This icon is on my desktop about 90% of my working day
Zotero! My weapon of choice for citation management.
It starts with browser plugin. With Zotero, I visit an article in my browser, and a button appears in the browser to enable me to import the article into my literature database. I click it and it magically appears in my database, with all the metadata and citation information and a copy of the PDF. After a while I have a big interactive searchable database of these things with a nice user interface and browsing tools. From there I can export to various other formats, such a BibTeX. I can render bibliographies directly in my word processor. I can do lots of other stuff. But don’t listen to me blather. Read the manual. Or the other manual. Or some other person’s manual.
Zotero has an API with which you can query, read and write bibliographic entries in your database, making it easy to scrip automatic updates and such.
It has an active community around it, and I don’t feel that I am locking my data away with an untrusted party if I rely upon it. (Of course, you can always try to migrate data around from anything to anything else by exporting to BibTeX or similar, but if you have URLs in there, or consort with foreigners who dare to have diacritics in their names, this leads to trouble). I can use the API to make changes that I couldn’t make manually, without worrying about that parsing nonsense. Moreover, some other apps (Mendeley, …) already use the Zotero API so you know that there are people you can ask for help when things are broken.
Installing Zotero
Windows or macOS
Use the standard installers.
Linux
A little more tedious with Linux.
retorquere’s repo of deb
installers is a simple way for Debian/Ubuntu.
For non-ubuntu systems… try packaged version?
There is a snap
-app package.
The weird paths of snaps mean that you must do a lot of configuration to migrate to it if you were not previously using it.

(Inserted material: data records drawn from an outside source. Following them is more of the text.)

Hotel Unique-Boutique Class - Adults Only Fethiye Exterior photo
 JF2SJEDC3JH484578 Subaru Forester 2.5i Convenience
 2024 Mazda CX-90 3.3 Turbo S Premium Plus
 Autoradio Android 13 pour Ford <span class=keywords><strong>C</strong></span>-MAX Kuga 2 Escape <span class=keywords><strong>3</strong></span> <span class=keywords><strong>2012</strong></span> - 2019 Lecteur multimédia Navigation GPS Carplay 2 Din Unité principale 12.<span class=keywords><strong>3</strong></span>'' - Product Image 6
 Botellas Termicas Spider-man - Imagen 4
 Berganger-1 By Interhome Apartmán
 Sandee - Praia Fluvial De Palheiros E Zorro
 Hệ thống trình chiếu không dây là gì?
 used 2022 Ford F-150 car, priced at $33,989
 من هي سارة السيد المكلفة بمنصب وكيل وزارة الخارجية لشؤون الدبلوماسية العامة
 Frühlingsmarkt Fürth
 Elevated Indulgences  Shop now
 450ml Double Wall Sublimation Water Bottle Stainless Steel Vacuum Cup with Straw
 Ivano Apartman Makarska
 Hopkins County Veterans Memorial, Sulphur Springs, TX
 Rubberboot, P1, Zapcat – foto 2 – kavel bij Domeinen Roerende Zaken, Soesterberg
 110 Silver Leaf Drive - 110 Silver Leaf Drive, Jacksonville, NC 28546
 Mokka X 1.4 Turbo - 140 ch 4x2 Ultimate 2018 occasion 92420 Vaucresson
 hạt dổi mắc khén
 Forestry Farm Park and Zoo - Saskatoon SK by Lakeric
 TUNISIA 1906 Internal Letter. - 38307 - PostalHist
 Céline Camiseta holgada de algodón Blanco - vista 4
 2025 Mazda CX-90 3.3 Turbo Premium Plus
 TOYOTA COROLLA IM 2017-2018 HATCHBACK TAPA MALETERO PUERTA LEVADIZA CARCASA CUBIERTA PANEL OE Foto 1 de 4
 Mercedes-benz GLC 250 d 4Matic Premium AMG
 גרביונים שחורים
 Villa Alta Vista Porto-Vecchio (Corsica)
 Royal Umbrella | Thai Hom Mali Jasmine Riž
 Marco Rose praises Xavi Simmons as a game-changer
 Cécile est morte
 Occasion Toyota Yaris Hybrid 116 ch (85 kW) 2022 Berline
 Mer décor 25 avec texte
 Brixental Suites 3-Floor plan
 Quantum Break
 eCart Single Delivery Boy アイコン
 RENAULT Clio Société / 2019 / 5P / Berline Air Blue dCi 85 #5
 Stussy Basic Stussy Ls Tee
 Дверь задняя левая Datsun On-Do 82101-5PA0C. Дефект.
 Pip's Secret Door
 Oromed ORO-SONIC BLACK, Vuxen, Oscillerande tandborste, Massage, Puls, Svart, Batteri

It began to fee like yak shaving to continue and so I did not finish said migration and thus cannot report on it.
There is a cross-platform
flatpak zotero,
which is fine, with the
usual caveats about flatpak.
flatpak install flathub org.zotero.Zotero
flatpak override --user --filesystem=/PATH/TO/ZOTEROFOLDER \
org.zotero.Zotero
All of the above options have been intermittently maintained. For me it has been worth the overhead of manually installing this app, since I use it all day long and I would like it to work reliably.
cd ~
wget 'https://www.zotero.org/download/client/dl?channel=release&platform=linux-x86_64'
tar -xjf '/home/dan/Downloads/Zotero-5.0.96_linux-x86_64.tar.bz2'
cd ~/Zotero_linux-x86_64/
./set_launcher_icon
ln -s ~/Zotero_linux-x86_64/zotero ~/bin/
ln -s ~/Zotero_linux-x86_64/zotero.desktop ~/.local/share/applications/
Why are my dates in USA format
On macos Zotero is sometimes very keen to use the American date system despite the fact that US English is nowhere in my localization preferences, and it makes me look like I think there are 31 months in the year if I use it here. The following advanced settings I found on the user forum seems to help:
intl.regional_prefs.use_os_locales: true
intl.locale.requested: en-GB
intl.accept_languages: en-GB, en
BetterBibTeX
Better BibTeX, a.k.a BBT,
makes all the BibTeX stuff in Zotero smoother, and since
BibTeX also integrates with markdown via pandoc
, this is a double win.
Citation keys
The biggest trick is that BBT makes sensible, user-accessible citation keys for your references, and if you use these consistently to refer to your sources, life will go well for you.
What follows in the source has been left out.